Chapter 5

When Therese discovered that she was simply not able to obey Jesus’ command to love others, she turned to Jesus for help, and as she puts it, “ And Jesus has deigned to point out to me that the only way which leads to Love’s divine furnace is the way of self-surrender. And then she gives us a beautiful image to capture what she means by “self-surrender”.  She says, “ It is like the confidence of the little child who sleeps without fear in its’ father’s arms”. Because the child has complete confidence in its father, the child is completely, without fear and rests in peace in its father’s arms. We are to have this same complete confidence in God the Father, Jesus, and, or the Holy Spirit. This is self surrender in complete trust, faith, belief and confidence that God will provide all that we need, as Jesus promised in MT 6:19. It is interesting that Therese is pointing out the very important interrelationship between fear and confidence in God. Complete trust in God drives out all fear, but less than complete faith gives rise to fear. As we have seen before, fear occurs in the bloom of the weed, while confidence and trust are required to actually believe the truth, the roots of the flower. To drive out all fear, one must totally believe that Jesus is the way, the truth and the life; and further believe that all His words are true (for example, that God will provide all that we need.) Such total faith in God heals all painful emotions, and roots us solidly in the heavenly world of the flower.

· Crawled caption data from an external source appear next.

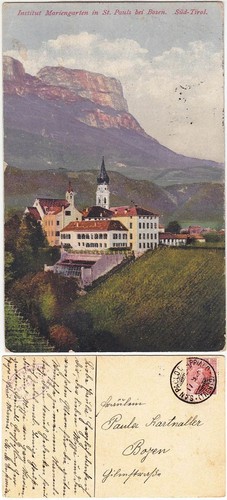 Paolo pauls appiano - -,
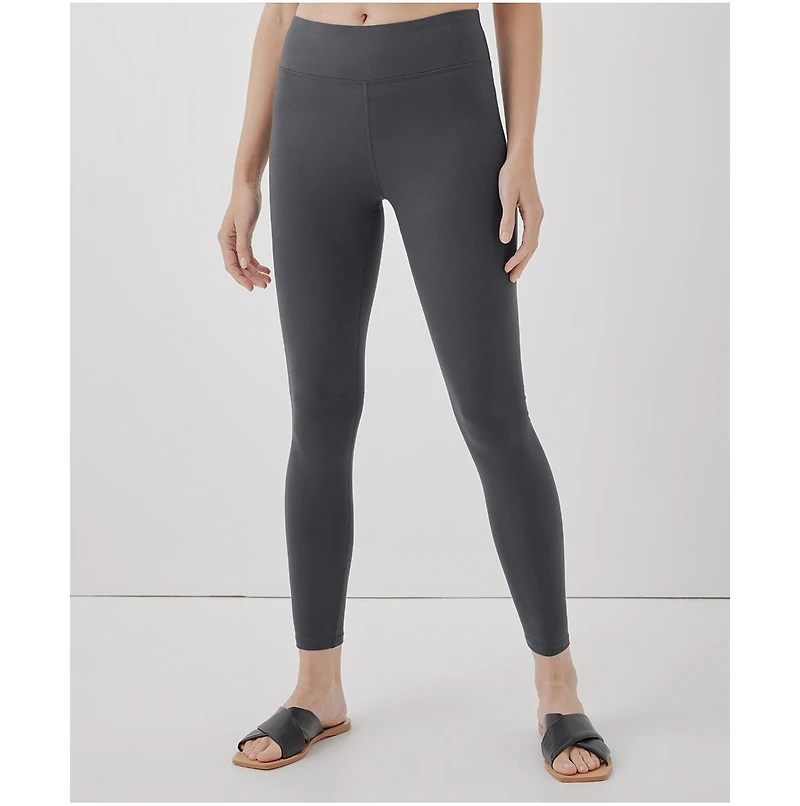 Pact Women's PureFit Legging Made With Organic Cotton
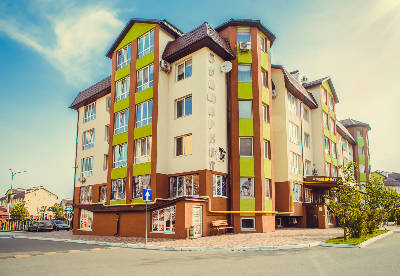 ЖК Львівський маєток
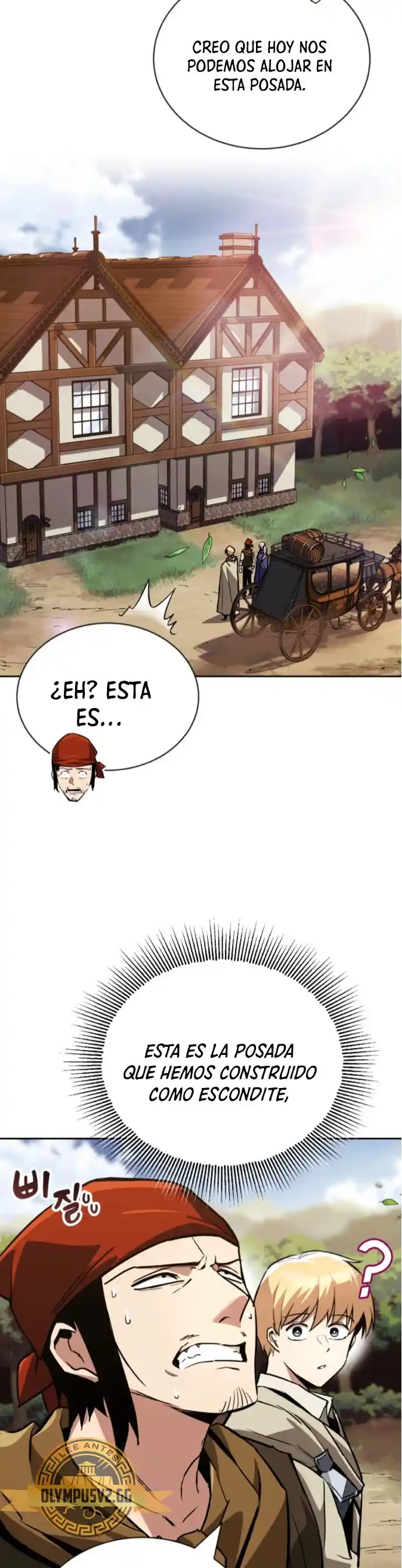 El Principe Perezoso Se Convierte En Un Genio (Novela) - Capítulo 87 - Página 34 - LectorTMOo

This call to self-surrender to God, echoes Brother Lawrence’s call to complete abandonment to God in all things, issued two hundred years before Therese. As Brother Lawrence noted, complete self-surrender to God includes complete acceptance of everything that comes into our lives, as we trust God to get us through all of life’s ups and downs. And not just get through but get us through without fear, and with a feeling of peace, and even a certain measure of enjoyment, because whatever we do with God is by its very nature enjoyable.

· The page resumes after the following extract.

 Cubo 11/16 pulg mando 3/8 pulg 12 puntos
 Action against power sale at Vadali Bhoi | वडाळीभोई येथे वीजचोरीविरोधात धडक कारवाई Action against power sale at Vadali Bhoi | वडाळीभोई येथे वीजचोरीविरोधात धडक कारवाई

Furthermore, complete self-surrender requires surrendering every part of ourselves, as we have seen in the transformation from the weed to the flower. We must surrender our faulty thinking, and replace it with the trueful thinking of Christ, (the roots of the weed and flower). We must surrender our excessive and disordered desires, which is acceptance, and take on the holy desires of Christ (the stems of the weed and flower). Once we have surrendered our disordered thinking and willfulness, our painful emotions are surrendered automatically, because they can not live without the presence of excessive or disordered desire, just as the bloom of the weed can not exist without the presence of the stem (and the roots). And when our afflictive emotions are surrendered, we receive the peace of Christ, a peace which the world can not give; and we receive the joy of Christ, so our joy may be complete; and we receive the love of Christ, a peace which the world can not give; and we receive the joy of Christ, so our joy may be complete; and we receive the love of Christ which surpasses all understanding. And finally, now automatically and effortlessly, our abusive action is surrendered in favor of Christ’s loving action in every situation (the fragrance of the weed and the flower). For the weed is now completely uprooted and destroyed, and its fragrance with it. And the only thing that can come from heavenly world of the flower is the intoxicating fragrance of loving action.